Source code for naplib.encoding.banded_trf

import numpy as np
import pandas as pd
from tqdm.auto import tqdm
from scipy.stats import ttest_1samp
from sklearn.base import BaseEstimator
from sklearn.linear_model import Ridge
from mne.decoding.receptive_field import _delay_time_series
from ..stats import pairwise_correlation
from ..utils import _parse_outstruct_args


[docs]
class BandedTRF(BaseEstimator):
    r"""
    Iterative Banded Ridge TRF model. 
    
    Fits features sequentially in bands. For each band, the regularization (alpha) 
    is optimized via leave-one-trial-out cross-validation using coefficient averaging 
    for computational efficiency.
    
    Parameters
    ----------
    tmin : float
        Starting lag (seconds).
    tmax : float
        Ending lag (seconds).
    sfreq : float
        Sampling frequency (Hz).
    alphas : np.ndarray, optional
        Alphas to sweep for each feature. Default is np.logspace(-2, 5, 8).
    """
    def __init__(self, tmin, tmax, sfreq, alphas=None):
        self.tmin = tmin
        self.tmax = tmax
        self.sfreq = sfreq
        self.alphas = alphas if alphas is not None else np.logspace(-2, 5, 8)
        self.feature_alphas_ = []
        self.alpha_paths_ = []
        self.feature_order_ = []
        self.model_ = None # Will store a list of fitted Ridge models (one per trial)
        self.target_ = None
        self.scores_ = None # Shape: (n_trials, n_channels, n_features)

    @property
    def _ndelays(self):
        return int(round(self.tmax * self.sfreq)) - int(round(self.tmin * self.sfreq)) + 1
    
    @property
    def coef_(self):
        if self.model_ is None:
            raise AttributeError("BandedTRF has not been fitted yet.")
        
        n_trials = len(self.model_)
        n_feats = len(self.feature_order_)
        
        # Force coefficients to be 2D (n_targets, n_features_total)
        # This fixes the 3.8 vs 3.10 discrepancy
        trial_coefs = []
        for m in self.model_:
            c = m.coef_
            if c.ndim == 1:
                c = c[np.newaxis, :]
            trial_coefs.append(c)
            
        n_targets = trial_coefs[0].shape[0]
        all_coefs = np.stack(trial_coefs, axis=-1)
        n_feat_dim = sum(self.feat_dims_)
        
        return all_coefs.reshape(n_targets, n_feat_dim, self._ndelays, n_trials)

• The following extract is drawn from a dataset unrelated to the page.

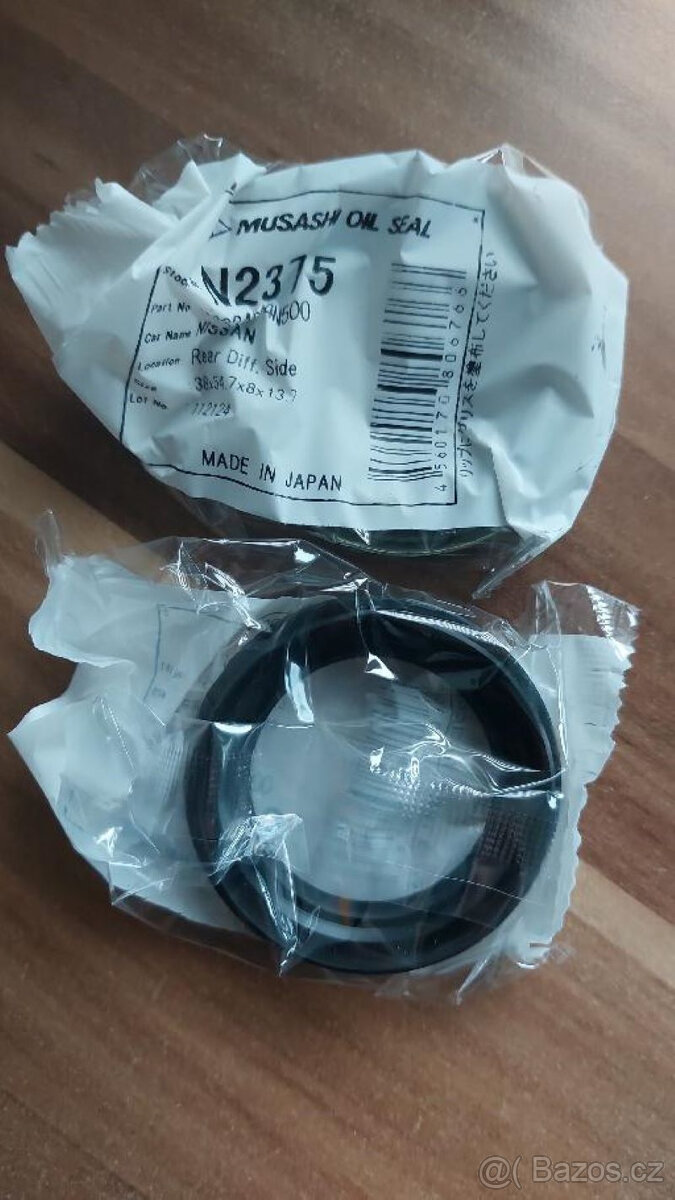 Diferenciál,rozvodovka,náprava Renault Kadjar - 18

    def _prepare_matrix(self, X_list, alphas_list):
        processed_trials = []
        n_trials = len(X_list[0])
        
        for trl in range(n_trials):
            mats = []
            for i in range(len(X_list)):
                x = X_list[i][trl]
                
                if isinstance(x, list) and len(x) == 1:
                    x = x[0]
                
                if np.isscalar(x) or x is None:
                    continue 
                if x.ndim == 1:
                    x = x[:, np.newaxis]
                
                alpha = alphas_list[i]
                mats.append(x / np.sqrt(alpha))
            
            if not mats:
                raise ValueError("No features were successfully processed.")
                
            concatenated = np.concatenate(mats, axis=1)
            delayed = _delay_time_series(concatenated, self.tmin, self.tmax, self.sfreq)
            processed_trials.append(delayed.reshape(delayed.shape[0], -1))
        return processed_trials


[docs]
    def fit(self, data=None, X=['aud'], y='resp'):
        r"""
        Fit the Iterative Banded Ridge model using leave-one-trial-out cross-validation.

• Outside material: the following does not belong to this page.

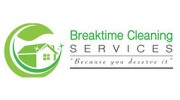Breaktime Cleaning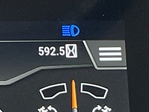 Hour Meter / Odometer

        The model fits features sequentially according to `feature_order`. For each 
        new feature band, an optimal regularization parameter (alpha) is selected 
        from `self.alphas` by maximizing the average prediction correlation across 
        held-out trials.

        Parameters
        ----------
        data : naplib.Data instance, optional
            Data object containing data to be normalized in one of the field.
            If not given, must give the X and y data directly as the ``X``
            and ``y`` arguments. 
        X : list of str | list of list of np.ndarrays
            Data to be used as predictor in the regression. Should be a list, 
            in which each element is a feature, corresponding to a list of trials, 
            each of which is a numpy array of shape (time, num_features).
            If a string, it must specify a list of fields of the Data
            provided in the first argument.
        y : str | list of np.ndarrays
            Data to be used as target(s) in the regression. Once arranged,
            should be of shape (time, num_targets).
            If a string, it must specify one of the fields of the Data
            provided in the first argument.

        Returns
        -------
        self : BandedTRF
            Returns the instance of the fitted model.

        Notes
        -----
        The cross-validation uses 'coefficient averaging' for efficiency. For 
        each alpha in the sweep, a model is fit to each trial individually. 
        The prediction for a held-out trial $i$ is generated using the mean 
        coefficients of all trials $j \neq i$.
        """
        if isinstance(X[0], str):
            self.feature_order_ = X
        else:
            self.feature_order_ = [chr(i+65) for i in range(len(X))]
        if isinstance(y, str):
            self.target_ = y
        else:
            self.target_ = 'target'
        
        y = _parse_outstruct_args(data, y)
        if not isinstance(y, list): y = [y]
        X = [_parse_outstruct_args(data, x) for x in X]
        
        n_trials = len(y)
        self.n_targets_ = y[0].shape[1]

        self.scores_ = np.zeros((n_trials, self.n_targets_, len(X)))
        self.feature_alphas_ = []
        self.alpha_paths_ = np.zeros((len(X), len(self.alphas)))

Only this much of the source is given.